According to the American Library Association, its Office for Intellectual Freedom reported that 273 books were affected by censorship attempts in 2020, many with content highlighting race, gender, and sexuality.

Since September 2021, at least 230 challenges have been made against Black-authored books.
Tiffany D. Jackson, the author of the 2018 novel “Monday’s Not Coming,” about missing girls of color, remains in the throes of a similar controversy.

Yahoo! News Writer Tat Bellamy-Walker reported that during a school board meeting in Loudoun County, Virginia, parents demanded that officials ban Jackson’s work for “sexual content.” In an email to Bellamy-Walker, Jackson, a Black woman, said the book discusses friendship, dyslexia, community, healing, and mentions sex, though it’s not acted.

Further, celebrated Black children’s author and illustrator Jerry Craft told NBC News that he received a message saying a school library in Texas pulled some of his books. “I was caught off guard,” stated Craft, the Newbery Medal-winning author of the 2019 graphic novel “New Kid.”

“I felt bad for the kids because I know how much they love ‘New Kid’ and ‘Class Act.’ I know what my school visits do. … I felt bad if there was going to be some kids that would not be able to take advantage of that.”

NBC reported that the individual who sent the message to Craft hailed from Katy, Texas, a town near Houston that’s come under fire for attempts to limit the public’s access to books that teach about racism.

In October, the Katy Independent School District made headlines for temporarily yanking two of Craft’s books, which tell the stories of Black boys who experience racism in schools, from school libraries and postponing his virtual visit.

“Apparently, I’m teaching critical race theory,” Craft wrote in response to a parent confused about the ban, citing the decades-old academic and legal framework that teaches about racism in America.

The banning of works by Black authors extends to American prisons. Andy Chan and Michelle Dillon, who serve on the board of the nonprofit organization Books to Prisoners, said the need for educational and self-empowering materials in prisons remains vast.

In an op-ed, they contended that prisons routinely impede access for arbitrary and biased reasons despite the need. The duo pointed out that it’s a practice long overdue for public examination.

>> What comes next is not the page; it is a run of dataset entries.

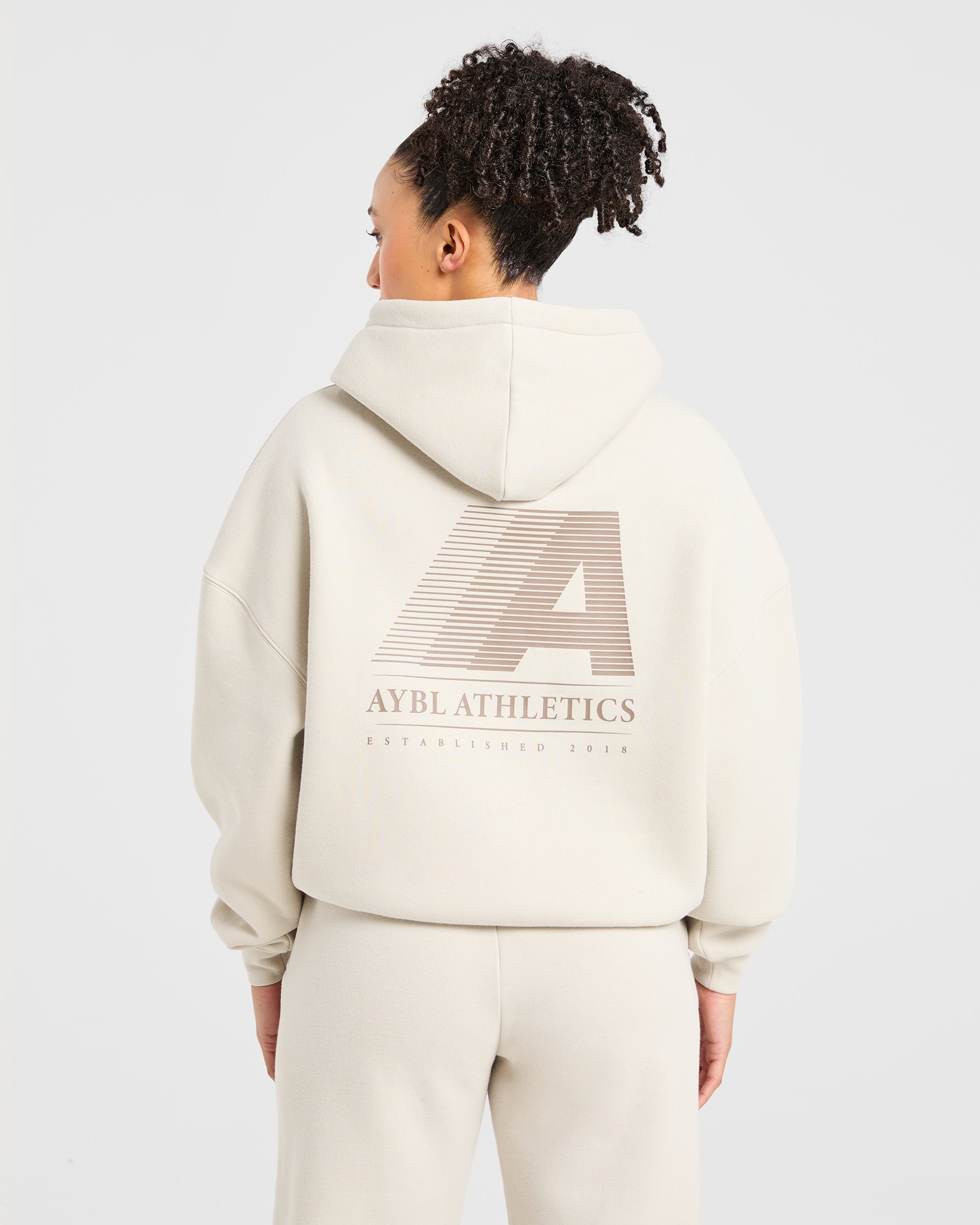 Image 1 from Retro Athletics Oversized Hoodie - Sand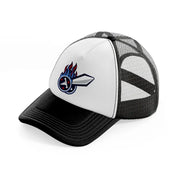 tennessee titans supporter-black-and-white-trucker-hat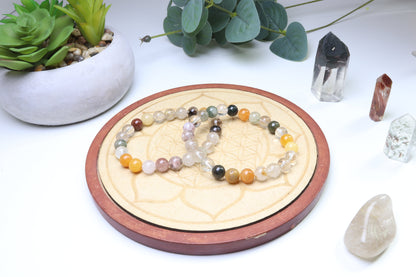 Bracelet Quartz à Inclusions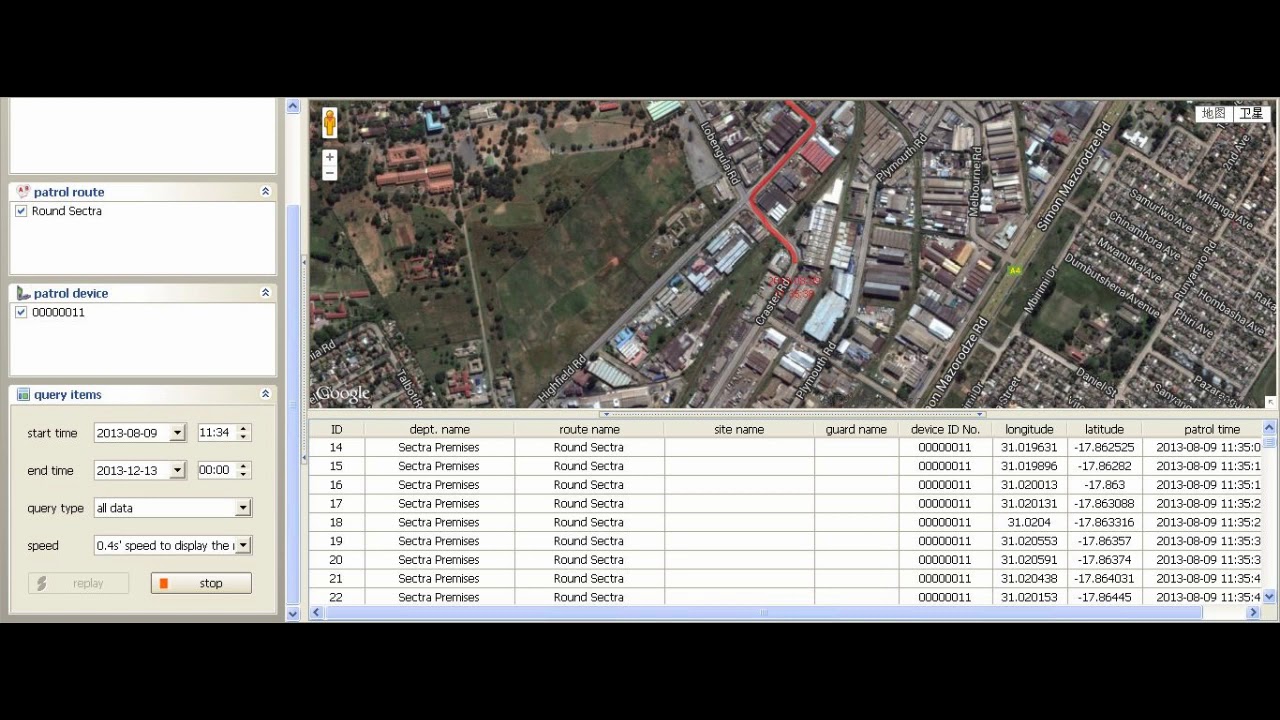 GPS guard tour system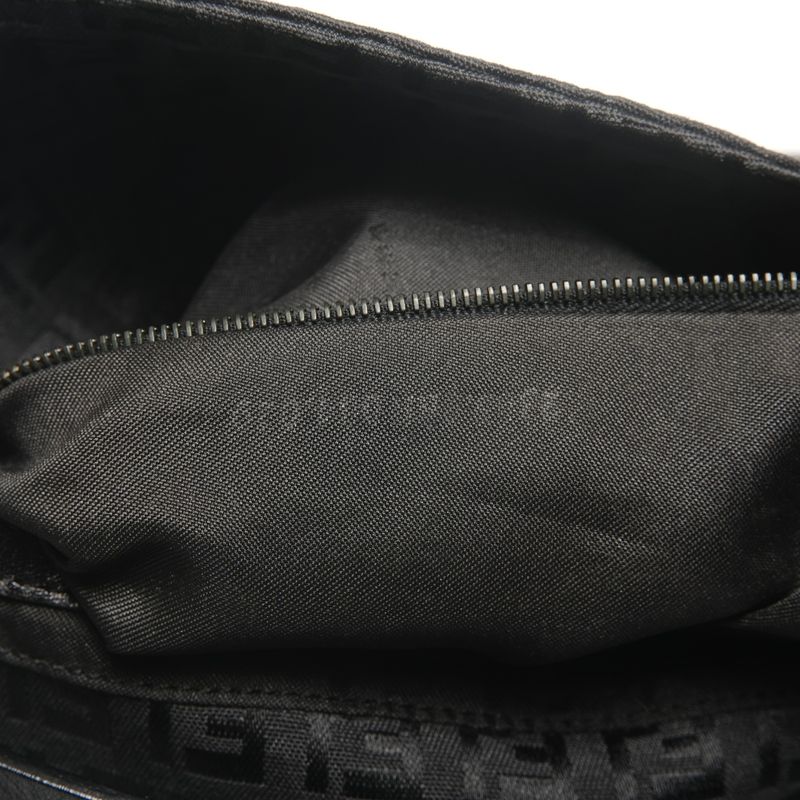 Fendi Shoulder Bag Zucchino Mamma Bucket Canvas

“A recent rejection from South Central Correctional Facility (SCCF) in Clifton, Tenn., epitomizes this issue. In late December, SCCF returned a package of rejected books to Books to Prisoners,” the pair summarized.
“Inside were three books we had sent to an incarcerated reader and a note scrawled by a prison guard reading simply: ‘Malcolm X not allowed.’ The offending book, ‘Malcolm X: By Any Means Necessary,’ is a Scholastic biography intended for grades 7-12,” Chan and Dillon asserted.

“Prison censorship is still shocking to us, even after years of work with Books to Prisoners, but it rarely surprises us now.”

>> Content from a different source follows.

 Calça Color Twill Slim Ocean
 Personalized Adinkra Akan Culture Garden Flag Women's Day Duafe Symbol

Headlee noted that even the late Pulitzer Prize-winning author Maya Angelou endured censorship. “For quite some time, Maya Angelou was called the most banned author in America,” Headlee recalled.

“Her book, ‘I know why the Caged Bird Sings,’ was banned several times. She is an author who won the Pulitzer Prize and an Emmy. But there was one case in which they claimed her book caused bitterness and hatred toward white people. So, here we are again. It has happened again and again. You can’t get through a decade in the United States without seeing books by Black authors banned.”

She said her book could offer some assistance. “It’s meant to diffuse some of the apprehension that people feel about talking about race without getting into an argument,” Headlee said. “And maybe make a little progress.”